Proving Inequality: d(x,y) = d1(x,y)/[1+d1(x,y)] as a Valid Distance in R^n

[RenOdur]

Homework Statement

the actual problem is to show that d(x,y)=d1(x,y)/[1+d1(x,y)] expresses a distance in R^n if d1(x,y) is a distance in R^n.Based on theory I have to show that
i) d(x,y)>=0 ,
ii)d(x,y)=d(y,x) and
iii)d(x,y)<= d(x,z)+d(z,y)
i've proven the first two so basically how can i get from d1(x,y)<= d1(x,z)+d1(z,y)(the above three statements apply for d1(x,y) since d1(x,y) is already a distance in R^n ) to d1(x,y)/[1+d1(x,y)]<=d1(x,z)/[1+d1(x,z)]+d1(z,y)/[1+d1(z,y)] ?

 

[K29]

hint:Divide through all of (iii) by 1+ d1(x,y).

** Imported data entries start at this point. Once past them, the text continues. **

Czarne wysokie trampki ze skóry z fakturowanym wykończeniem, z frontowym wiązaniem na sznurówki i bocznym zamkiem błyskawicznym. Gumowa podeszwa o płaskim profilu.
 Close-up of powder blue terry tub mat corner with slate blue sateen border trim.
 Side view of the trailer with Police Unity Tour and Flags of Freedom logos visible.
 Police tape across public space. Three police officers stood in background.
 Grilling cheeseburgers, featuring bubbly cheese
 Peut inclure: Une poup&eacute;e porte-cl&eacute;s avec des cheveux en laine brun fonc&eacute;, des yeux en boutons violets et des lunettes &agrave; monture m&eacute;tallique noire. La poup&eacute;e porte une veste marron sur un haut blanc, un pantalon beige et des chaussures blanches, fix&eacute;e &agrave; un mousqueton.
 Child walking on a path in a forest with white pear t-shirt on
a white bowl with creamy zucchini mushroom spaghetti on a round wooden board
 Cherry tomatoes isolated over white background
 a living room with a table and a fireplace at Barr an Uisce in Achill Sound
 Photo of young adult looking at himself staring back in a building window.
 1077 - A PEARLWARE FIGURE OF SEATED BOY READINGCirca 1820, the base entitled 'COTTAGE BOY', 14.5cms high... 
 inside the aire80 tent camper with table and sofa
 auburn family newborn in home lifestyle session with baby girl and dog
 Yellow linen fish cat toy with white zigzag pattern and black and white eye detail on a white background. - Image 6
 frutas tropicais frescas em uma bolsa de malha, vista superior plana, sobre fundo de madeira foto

You should then be able to write another inequality using what you know in (iii) and (i) on the denominator

 

[RenOdur]

hint:Divide through all of (iii) by 1+ d1(x,y). You should then be able to write another inequality using what you know in (iii) and (i) on the denominator

Let me get this right.do you suggest that i divide d(x,y)<= d(x,z)+d(z,y) by 1+d1(x,y) in order to reach an inequality that is true?or do you suggest dividing d1(x,y)<= d1(x,z)+d1(z,y) by 1+d1(x,y) in order to reach d(x,y)<= d(x,z)+d(z,y)?

 

[K29]

well first you need to write (iii) in terms of d1 (which is also a distance)
then after noticing some things you can easily get to
d1(x,y)/[1+d1(x,y)]<=d1(x,z)/[1+d1(x,z)]+d1(z,y)/[1+d1(z,y)]